2. Batasi setiap butir dengan hanya berisi satu pokok pikiran atau konsep tunggal. Butir yang berisi lebih dari satu pokok pikiran dapat membingungkan subyek karena mungkin ia mempunyai respon yang berbeda untuk masing-masing pokok pikiran. Misalnya, responden diminta persetujuan atau ketidaksetujuannya terhadap pernyataan ”Setelah pemerataan pendidikan tercapai, pembagunan pendidikan harus diarahkan pada peningkatan mutu”, mungkin saja subyek tidak setuju dengan pernyataan pertama (pemerataan telah tercapai) tetapi setuju dengan yang kedua (mutu pendidikan harus ditingkatkan) 3. Butir harus berisi hal yang relevan dengan subyek. Bila pertanyaan

berisi tentang hal yang tidak dianggap penting oleh subyek, respon yang diberikan dapat menyesatkan. Misalnya pertanyaan tentang efektivitas metode langsung pengajaran bahasa asing yang ditujukan kepada guru yang tidak menggunakannya. Karena kurang relevan, respon yang diberikan oleh responden atau subyek tidak benar-benar berdasarkan pertimbangan yang hati-hati terhadap metode tersebut, tetapi respon yang selayaknya saja.

4. Hindari penggunaan butir negatif karena seringkali subyek salah tafsir. Lebih dari itu, karena cenderung membaca dengan cepat, subyek secara tidak sadar sering melewati kata negatif sehingga butir tersebut dipahami sebaliknya dan akibatnya respon yang diberikan juga berlawanan, misalnya diberi bergaris bawah (tidak) ditulis dengan huruf besar semua (TIDAK), atau dicetak miring (tidak).

5. Rumuskan butir sesederhana mungkin agar mudah dipahami oleh subyek dan mudah meresponnya. Pada umumnya, subyek tidak mau berusaha memahami rumusan yang rumit karena menggunakan kalimat yang panjang atau kalimat kompleks sehingga respon yang diberikan mungkin tidak sesuai dengan yang dikehendaki. Disamping itu, kalimat yang sederhana dapat menghindari terjadinya salah tanfsir dari subyek.

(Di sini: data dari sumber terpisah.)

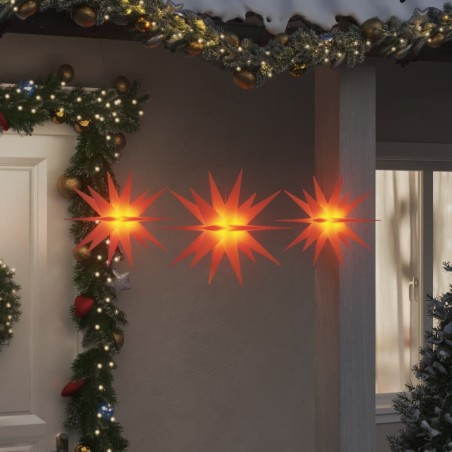 Luzes de Natal com LEDs 3 pcs dobrável vermelho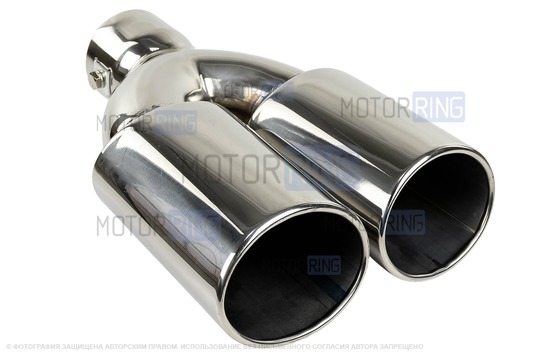 Раздвоенная насадка глушителя Sal-Man HJ-3037 d86х65мм из нержавеющей стали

6. Butir harus ditujukan kepada subyek yang berkompeten sehingga akurasi respon yang diberikan dapat lebih terjamin. Respon terhadap pertanyaan yang spesifik tentang kejadian yang telah lama berlalu mungkin kurang akurat karena subyek mungkin telah lupa. Begitu pula, pertanyaan yang diajukan kepada subyek/responden yang tidak terlibat secara langsung dalam sutau peristiwa sullit mendapatkan respon yang mempunyai akurasi tinggi.